### Extracted records:
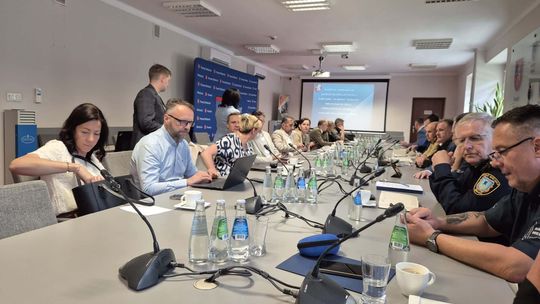 Posiedzenie Powiatowego Zespołu Zarządzania Kryzysowego oraz Komisji Bezpieczeństwa i Porządku w Mielcu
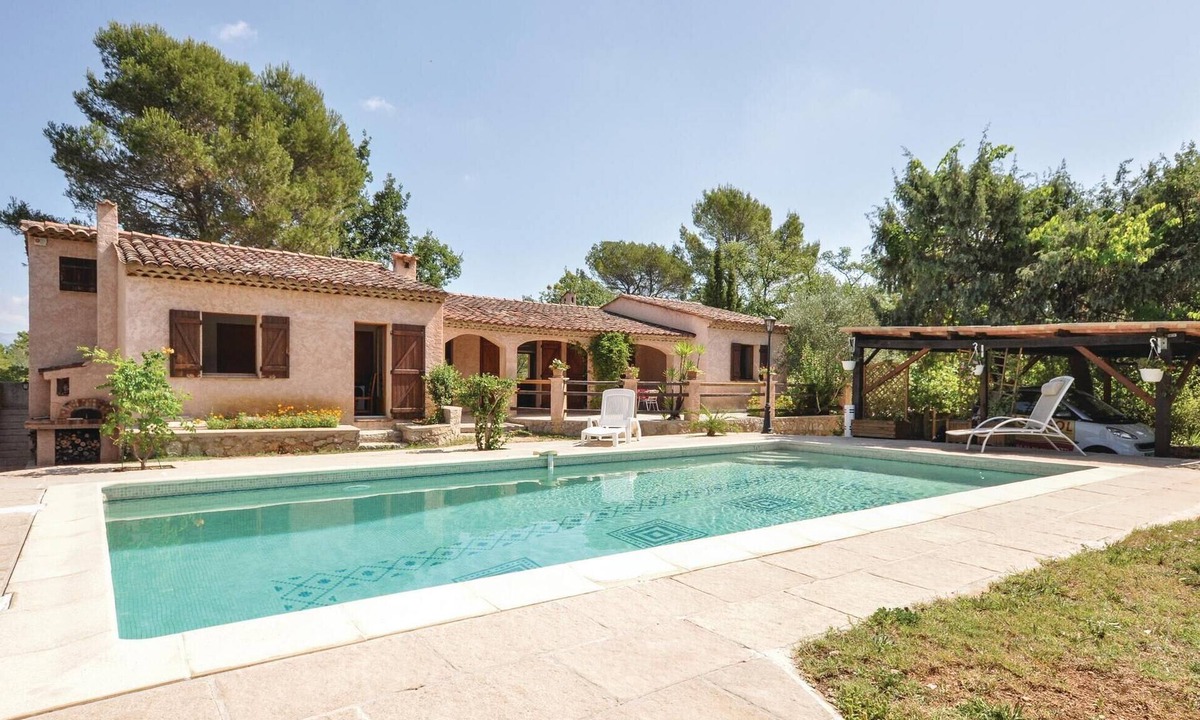 Saint-Paul-en-Foret House | Beautiful home in St. Paul en Foret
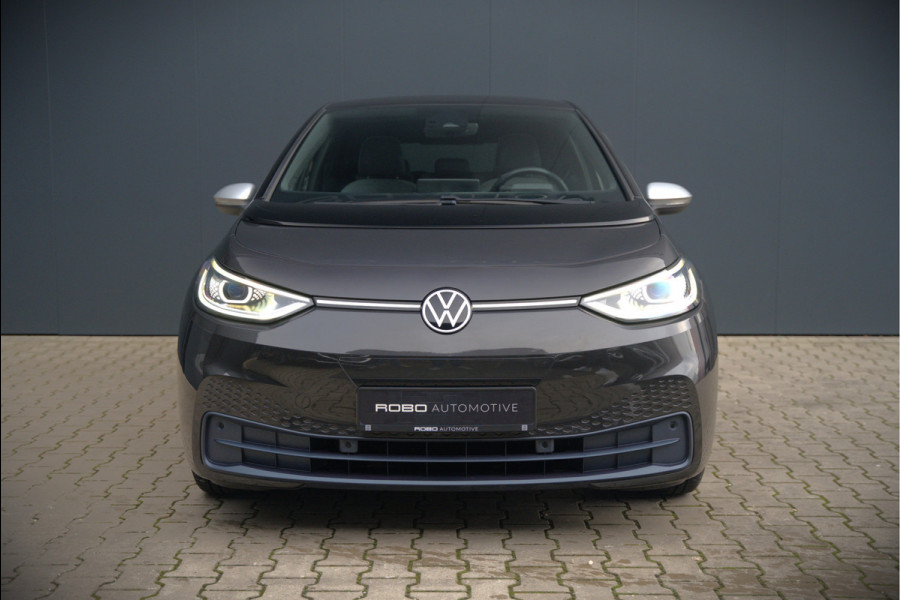 Volkswagen ID.3 First Plus 58 kWh | Stoelverwarming | Trekhaak | Camera | Adaptive Cruise Control | Navigatie | Standkachel | Keyless | Parkeersensoren | LED | Apple Carplay | BTW |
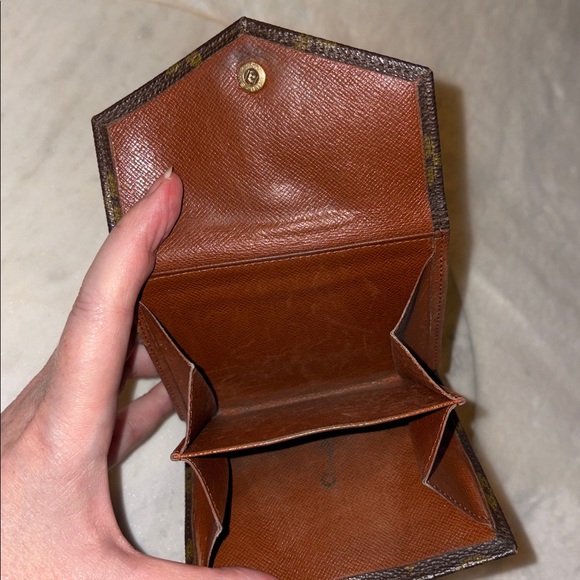 Excellent Condition-Authentic Louis Vuitton Elise Monogram Two Sided Snap Wallet - Picture 9 of 17
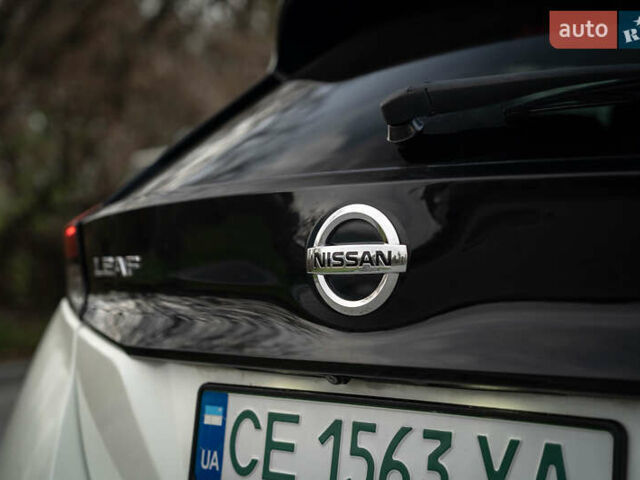 Белый Ниссан Лиф, объемом двигателя 0 л и пробегом 108 тыс. км за 13900 $, фото 18 на Automoto.ua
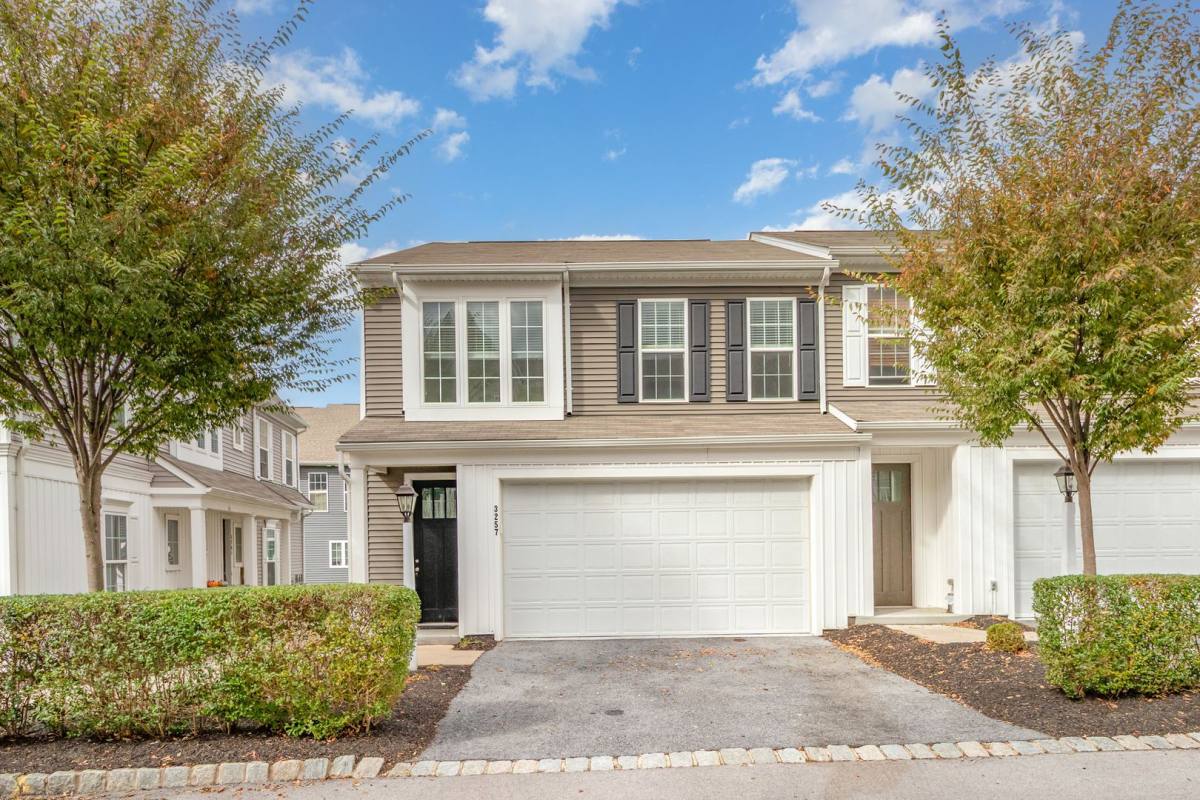 Townhouse for rent at 3257 Lark Way, Mechanicsburg, PA 17055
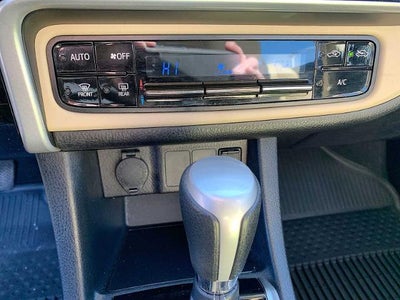 2018 Toyota Corolla LE CVT (Natl)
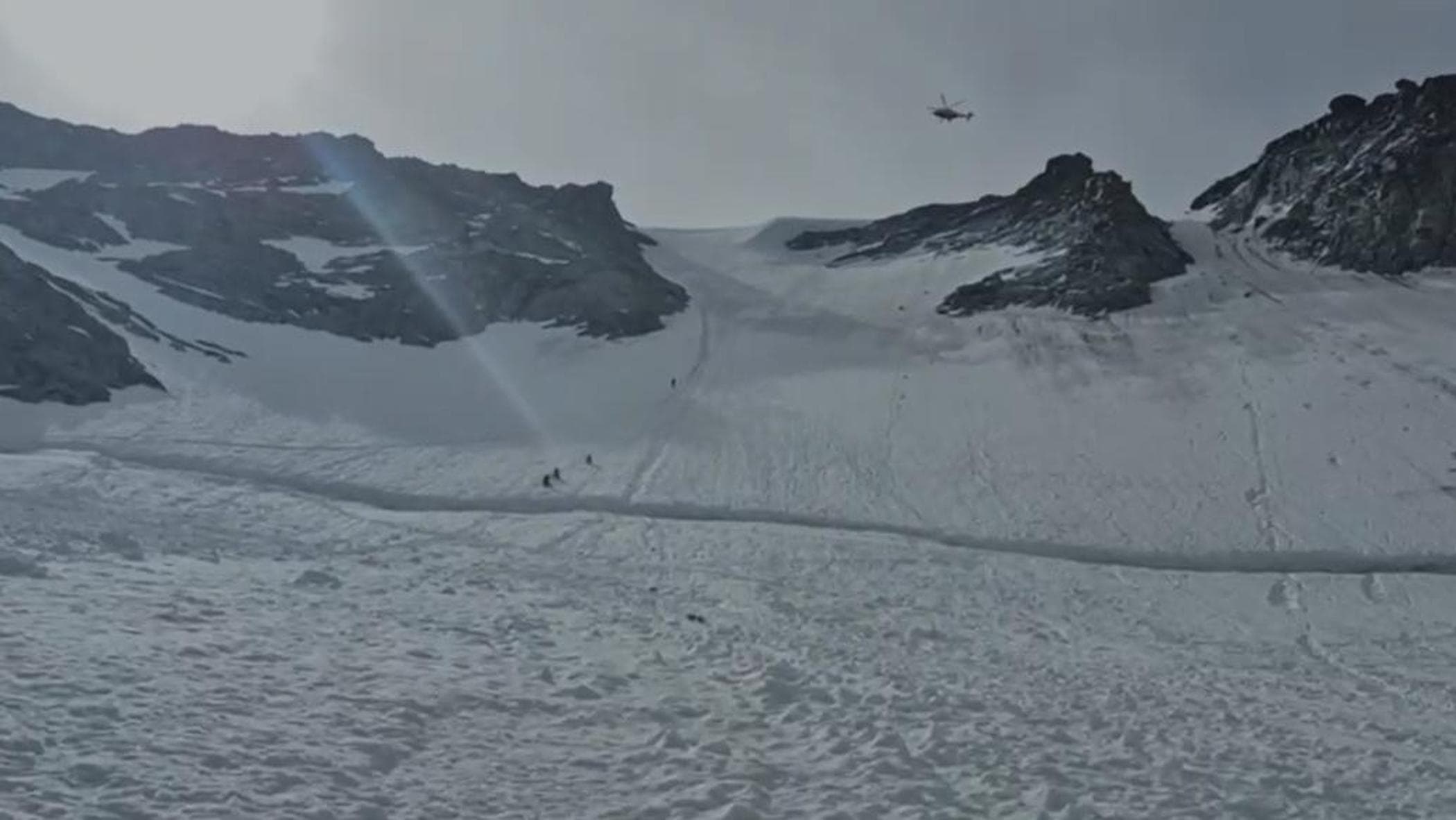 Tragedia sul Gran Paradiso, alpinista perde la vita durante una scalata. Recuperati i compagni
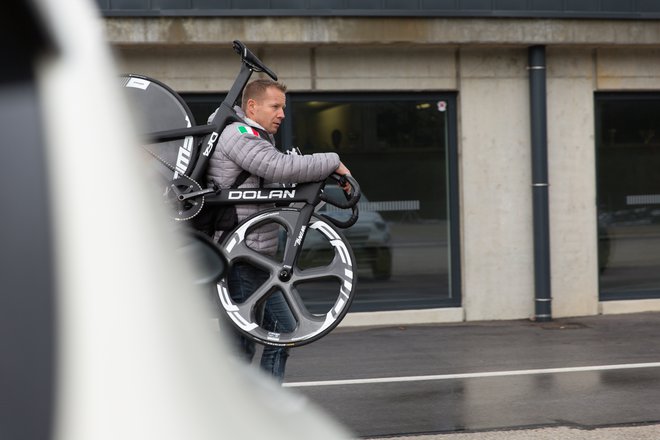 Ko sem prvič zajahal šprintersko kolo, sem se počutil kot v šoli na testu predklona. FOTO: Planetfit.si
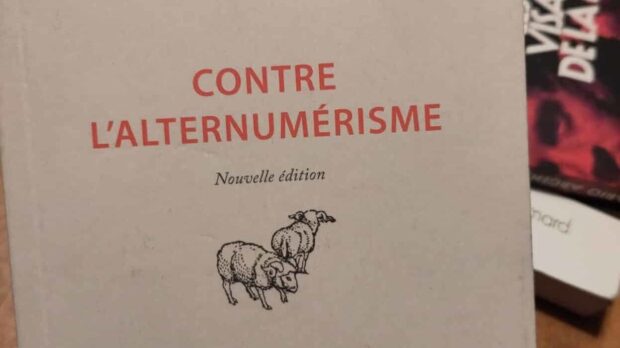 Couverture de Contre l'alternumérisme, nouvelle édition, par Julia Laïnae et Nicolas Alep aux éditions La lenteur. On voit un dessin de 2 béliers.
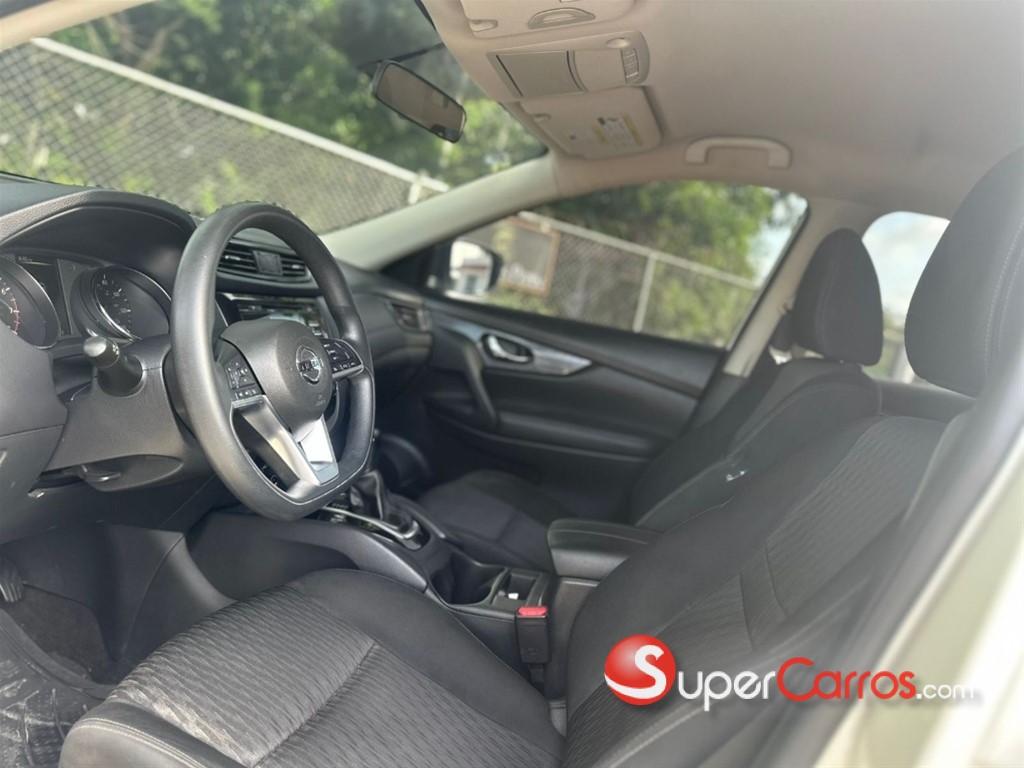2017 Nissan Rogue — foto 4 / 11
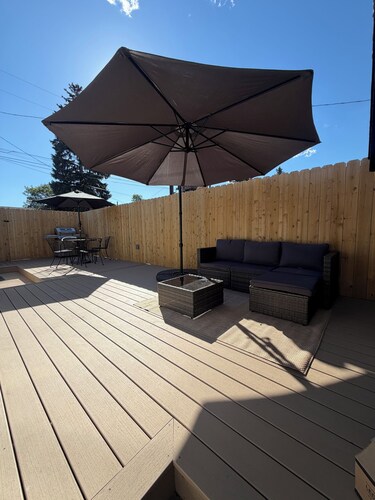 New Luxury Retreat - Hot Tub - Walk Downtown - Tesla Universal EV Charger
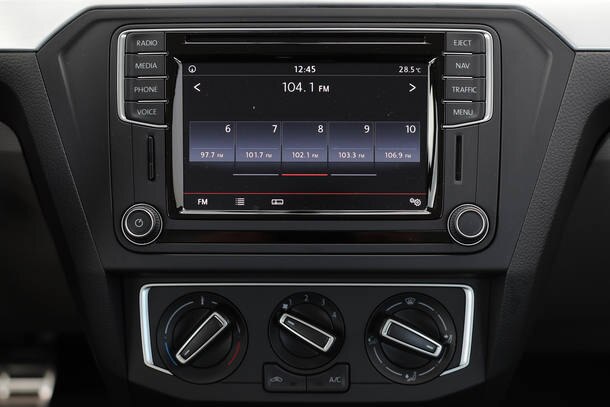 Nissan March 1.6 SL CVT x Volkswagen Gol 1.6 Highline I-Motion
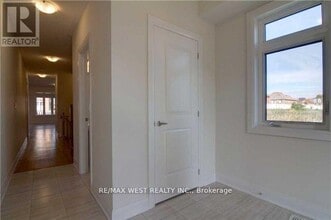 118 Emily Anna St in Vaughan, ON - Building Photo - Building Photo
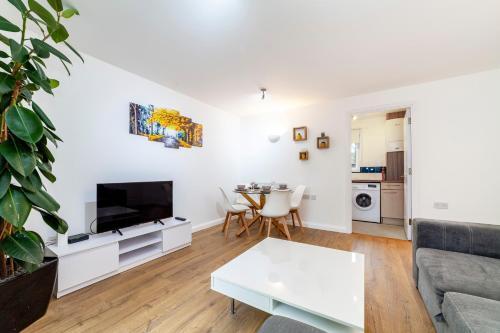 Charming 1BR apt w patio in Battersea - Tap to explore photos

### Exercise:
Repeat the data exactly, dropping every picture it holds.

### Written response:
 Posiedzenie Powiatowego Zespołu Zarządzania Kryzysowego oraz Komisji Bezpieczeństwa i Porządku w Mielcu
 Saint-Paul-en-Foret House | Beautiful home in St. Paul en Foret
 Volkswagen ID.3 First Plus 58 kWh | Stoelverwarming | Trekhaak | Camera | Adaptive Cruise Control | Navigatie | Standkachel | Keyless | Parkeersensoren | LED | Apple Carplay | BTW |
 Excellent Condition-Authentic Louis Vuitton Elise Monogram Two Sided Snap Wallet - Picture 9 of 17
 Белый Ниссан Лиф, объемом двигателя 0 л и пробегом 108 тыс. км за 13900 $, фото 18 на Automoto.ua
 Townhouse for rent at 3257 Lark Way, Mechanicsburg, PA 17055
 2018 Toyota Corolla LE CVT (Natl)
 Tragedia sul Gran Paradiso, alpinista perde la vita durante una scalata. Recuperati i compagni
 Ko sem prvič zajahal šprintersko kolo, sem se počutil kot v šoli na testu predklona. FOTO: Planetfit.si
 Couverture de Contre l'alternumérisme, nouvelle édition, par Julia Laïnae et Nicolas Alep aux éditions La lenteur. On voit un dessin de 2 béliers.
2017 Nissan Rogue — foto 4 / 11
 New Luxury Retreat - Hot Tub - Walk Downtown - Tesla Universal EV Charger
 Nissan March 1.6 SL CVT x Volkswagen Gol 1.6 Highline I-Motion
 118 Emily Anna St in Vaughan, ON - Building Photo - Building Photo
 Charming 1BR apt w patio in Battersea - Tap to explore photos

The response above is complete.